Justice Dean-Armorer had heard the case over a period of several days, and the matter was completed last December. Fyard Hosein, SC, is representing Smelta Karavan, while T&T Civil Rights Association is being represented by Ramesh Lawrence Maharaj, SC, Darrell Allahar, and Vijaya Maharaj. PURE is being represented by Dr Rajendra Ramlogan. Douglas Mendes, SC, and Ian Benjamin appeared for the EMA, with Deborah Peake, SC, and Kerwyn Garcia for Alutrint, while Russell Martineau, SC, Michael Quamina and Stuart Young are appearing for the Attorney General.

The figures

Last June, chief executive officer of Alutrint Philip Julien said the investment figure for the proposed Alutrint aluminium smelter plant was between US$600 and $700 million and financing for the project was coming from China, under a government-to-government loan arrangement. It was previously reported that at US$700 million in investment, Alutrint would be looking for project financing of US$498 million, and that Government was expected to invest US$125 million. However, Minister in the Ministry of Finance Mariano Browne had said that international financial institutions, crippled by the global financial turmoil and who syndicated loans to T&T to finance mega-projects, might very well be unable to honour their loan arrangement with T&T. The complex has employed under 200 Chinese at the site and few locals.

Project facts

In April, 2005, the Government of T&T approved in principle development of a downstream aluminium industry, through establishment of an integrated complex in La Brea. Designed to produce aluminium rods, wires and cables, this project would be one of the first moves to take Trinidad and Tobago further downstream in natural gas utilisation. The project’s equity ownership is 60 per cent Government (held through the NEC), and 40 per cent Sural—a Venezuelan-based company that specialises in the manufacture of aluminium products. A local joint venture company, Alutrint Ltd has been formed to manage the project development and ownership of this complex.
In total, the complex will provide at least 800 direct jobs, with a projected minimum 2:1 ratio of indirect job creation (which amounts to 1,600 additional jobs) in support services and entrepreneurial activities, Government said.

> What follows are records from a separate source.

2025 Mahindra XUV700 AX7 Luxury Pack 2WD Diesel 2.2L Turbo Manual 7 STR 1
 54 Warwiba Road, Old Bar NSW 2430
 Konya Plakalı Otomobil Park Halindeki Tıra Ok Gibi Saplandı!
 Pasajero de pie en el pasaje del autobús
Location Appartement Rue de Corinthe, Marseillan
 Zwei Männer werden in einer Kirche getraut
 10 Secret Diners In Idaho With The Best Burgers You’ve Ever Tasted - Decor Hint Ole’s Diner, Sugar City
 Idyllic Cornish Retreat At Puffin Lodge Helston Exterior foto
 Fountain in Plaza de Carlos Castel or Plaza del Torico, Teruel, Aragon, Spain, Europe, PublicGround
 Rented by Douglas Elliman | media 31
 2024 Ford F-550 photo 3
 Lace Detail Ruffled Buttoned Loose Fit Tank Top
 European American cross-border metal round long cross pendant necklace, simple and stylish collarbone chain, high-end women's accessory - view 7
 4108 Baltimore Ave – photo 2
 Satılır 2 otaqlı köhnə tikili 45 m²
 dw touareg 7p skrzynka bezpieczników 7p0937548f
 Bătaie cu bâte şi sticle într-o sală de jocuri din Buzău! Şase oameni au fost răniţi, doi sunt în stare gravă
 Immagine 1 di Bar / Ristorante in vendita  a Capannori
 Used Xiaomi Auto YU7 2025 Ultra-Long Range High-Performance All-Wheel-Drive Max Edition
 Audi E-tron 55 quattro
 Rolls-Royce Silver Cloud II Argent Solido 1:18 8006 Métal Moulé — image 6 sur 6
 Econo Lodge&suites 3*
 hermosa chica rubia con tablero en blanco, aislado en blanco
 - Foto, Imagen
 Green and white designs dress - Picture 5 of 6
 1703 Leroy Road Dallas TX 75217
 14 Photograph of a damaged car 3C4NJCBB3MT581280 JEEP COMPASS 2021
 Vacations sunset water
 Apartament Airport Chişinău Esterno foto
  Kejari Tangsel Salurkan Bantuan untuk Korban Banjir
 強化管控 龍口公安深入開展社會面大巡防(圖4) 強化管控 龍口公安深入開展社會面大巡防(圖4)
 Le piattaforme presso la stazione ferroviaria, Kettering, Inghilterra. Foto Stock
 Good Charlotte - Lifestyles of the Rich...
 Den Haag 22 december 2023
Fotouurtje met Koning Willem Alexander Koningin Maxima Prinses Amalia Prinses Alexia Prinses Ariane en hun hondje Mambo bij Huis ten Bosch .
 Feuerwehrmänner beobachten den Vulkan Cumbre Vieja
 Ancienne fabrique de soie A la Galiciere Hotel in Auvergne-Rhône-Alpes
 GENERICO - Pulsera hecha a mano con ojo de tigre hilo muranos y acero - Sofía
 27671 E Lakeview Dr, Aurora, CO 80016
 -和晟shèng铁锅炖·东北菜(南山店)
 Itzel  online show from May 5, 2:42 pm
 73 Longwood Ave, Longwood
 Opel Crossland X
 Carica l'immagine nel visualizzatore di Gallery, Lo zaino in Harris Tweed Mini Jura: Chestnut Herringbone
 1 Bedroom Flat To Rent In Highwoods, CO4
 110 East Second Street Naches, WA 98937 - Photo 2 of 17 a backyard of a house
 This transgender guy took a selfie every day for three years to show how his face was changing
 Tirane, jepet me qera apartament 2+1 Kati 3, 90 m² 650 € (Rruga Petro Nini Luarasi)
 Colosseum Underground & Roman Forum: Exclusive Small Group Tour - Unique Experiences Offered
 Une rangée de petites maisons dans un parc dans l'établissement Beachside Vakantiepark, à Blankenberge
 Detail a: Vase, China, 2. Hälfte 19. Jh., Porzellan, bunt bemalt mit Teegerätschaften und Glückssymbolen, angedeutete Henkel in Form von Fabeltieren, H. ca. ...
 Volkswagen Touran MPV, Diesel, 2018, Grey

The complex, to be built on approximately 100 hectares of land, will produce 125,000 metric tonnes per annum of molten aluminium, by the electrolysis of alumina.

Enill responds

Minister of Energy and Energy Industries Conrad Enill, asked yesterday to respond to the June 5 letter from anti-smelter groups, said, “As far as I am concerned, those matters were already dealt with at the pre-consultation stage. We have already said what we have to say on this project.” Enill said when issues of matters relative to health came up, a one-day consultation chaired by people from various universities was held. He said the economic viability of Alutrint was not something that could be discussed in a manner in which the anti-smelter activists were seeking to have it.

“We are of the view that the project makes sense in the context of Government’s programme, going forward.” Enill said the total cost of Alutrint would be available whenever the plant was completed.
“As of now, we can’t build a plant unless we have financing for it. The financing for the plant would be based on the economic return and ability to repay the loan,” he added.